Start of Input records
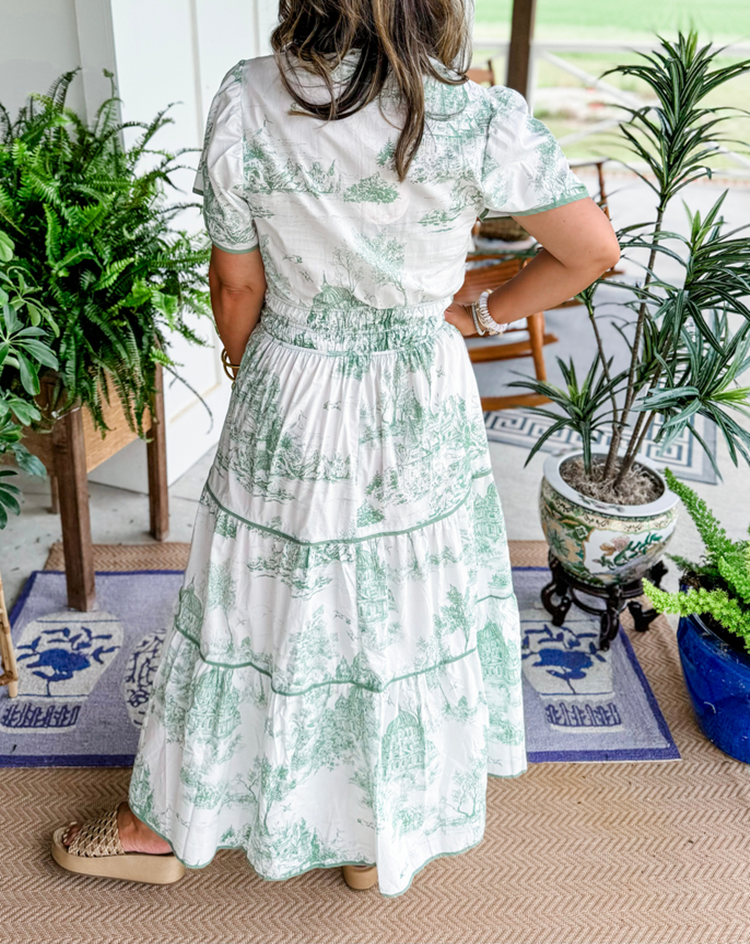 SAVANNAH – TIMELESS ELEGANCE IN A MAXI DRESS WITH RUFFLES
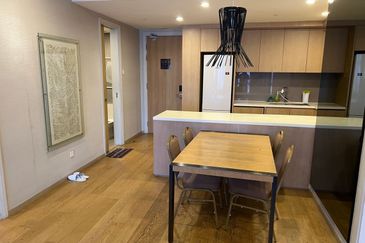 188 Suites Service Apartment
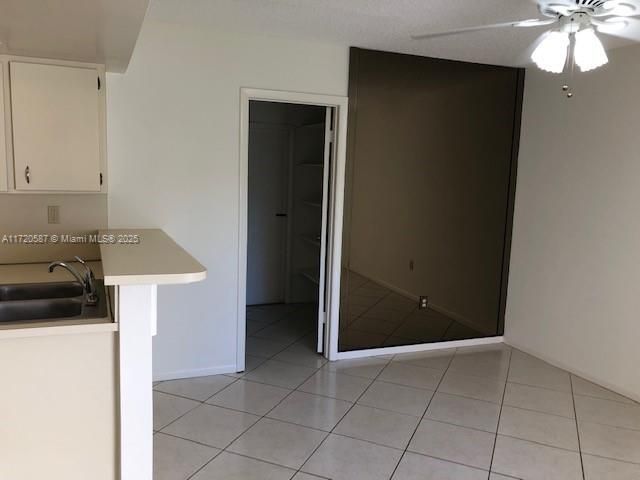 Active With Contract: $3,450 (3 beds, 2 baths, 1656 Square Feet)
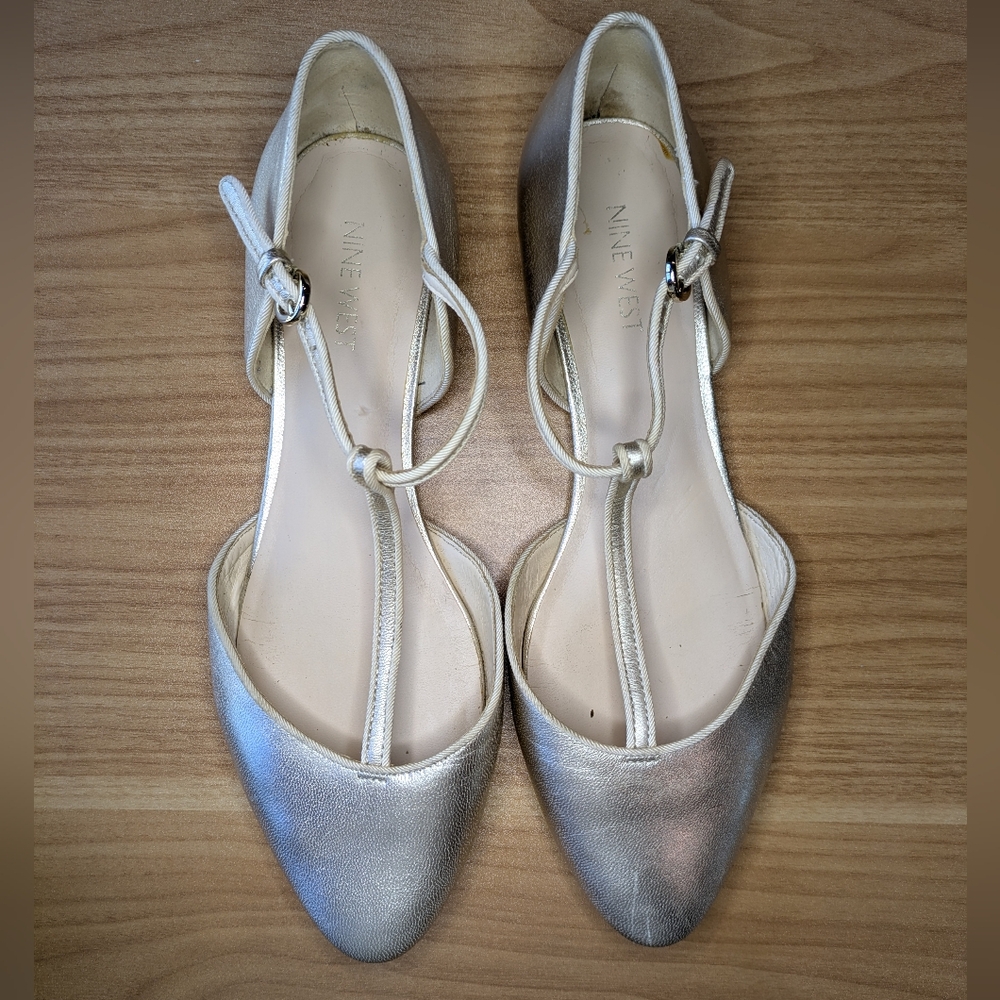 Nine West Gold Metallic T-Strap Flats Size 9 Women's Shoes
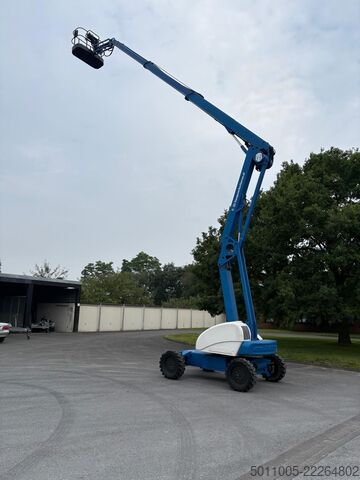 Selbstfahrende Arbeitsbühne Niftylift HR21 4x4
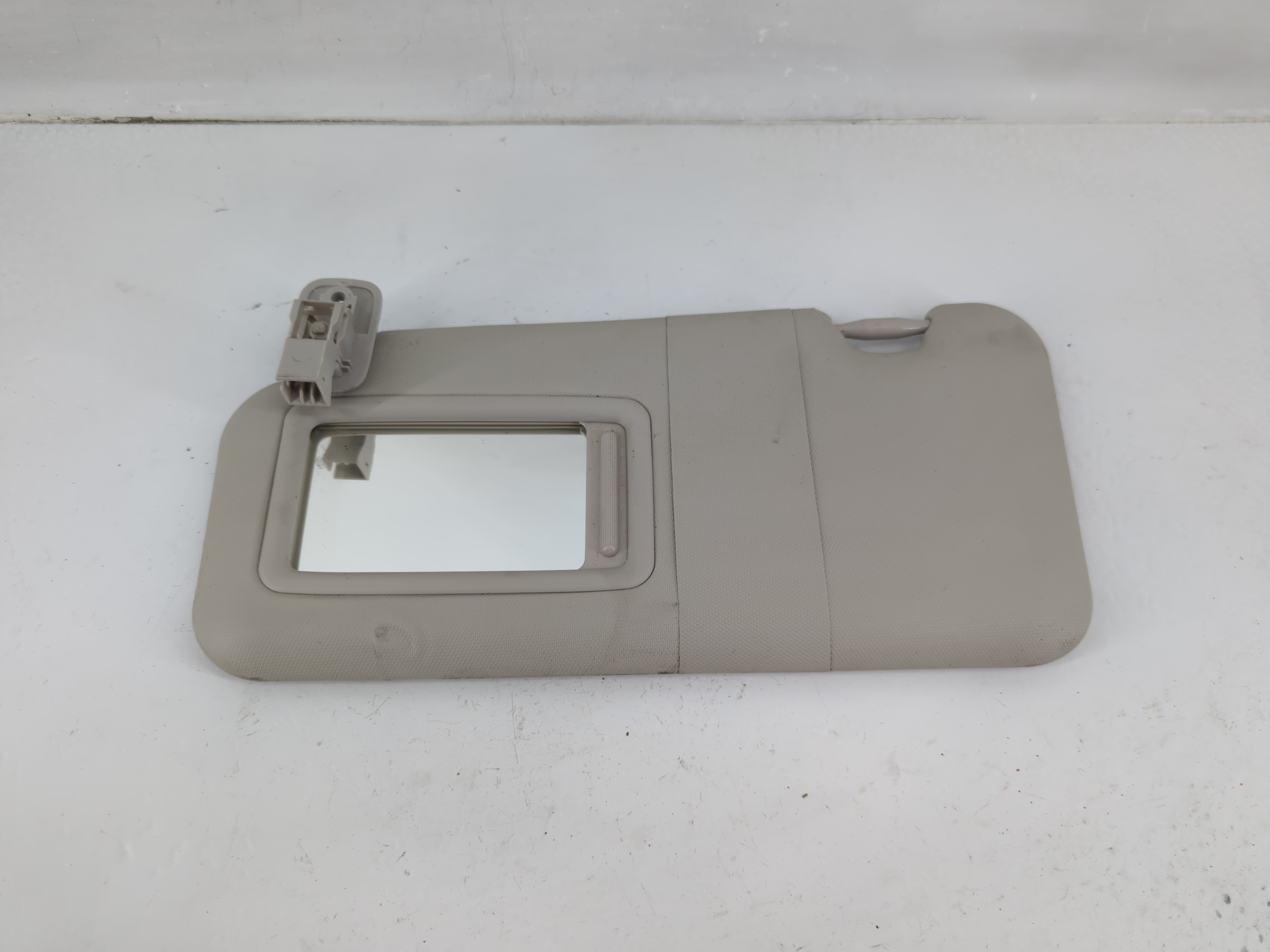 2019-2020 Toyota Yaris Driver Sun Visor Mirror Left Sunvisor Grey 1063503 - Oemusedautoparts1.com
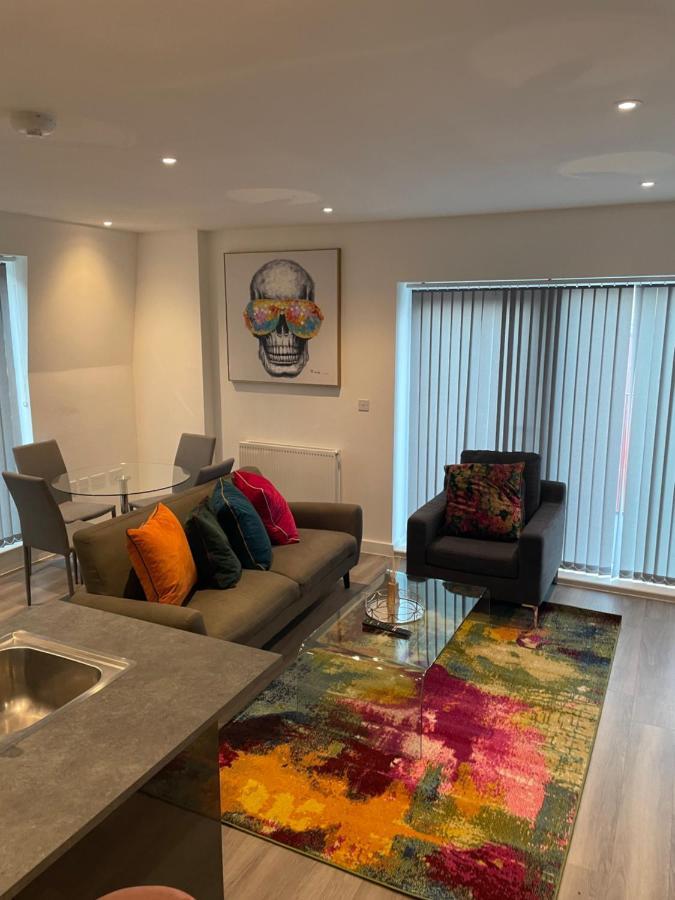 Lovely 2 Bed Apartment With Parking Londres Extérieur photo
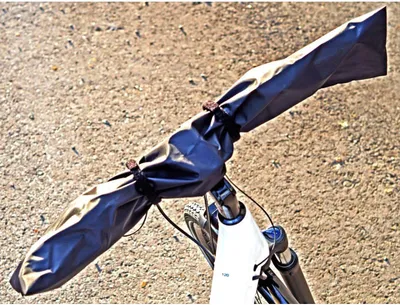 Produktbild von Longus Longus E-Bike Lenker-Schutzhaube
End of Input records
Assignment - Only the lines from the one holding "Selbstfahrende Arbeitsbühne Niftylift" through the end of the records belong in the answer, copied exactly and without pictures.

Result below -
 Selbstfahrende Arbeitsbühne Niftylift HR21 4x4
 2019-2020 Toyota Yaris Driver Sun Visor Mirror Left Sunvisor Grey 1063503 - Oemusedautoparts1.com
 Lovely 2 Bed Apartment With Parking Londres Extérieur photo
 Produktbild von Longus Longus E-Bike Lenker-Schutzhaube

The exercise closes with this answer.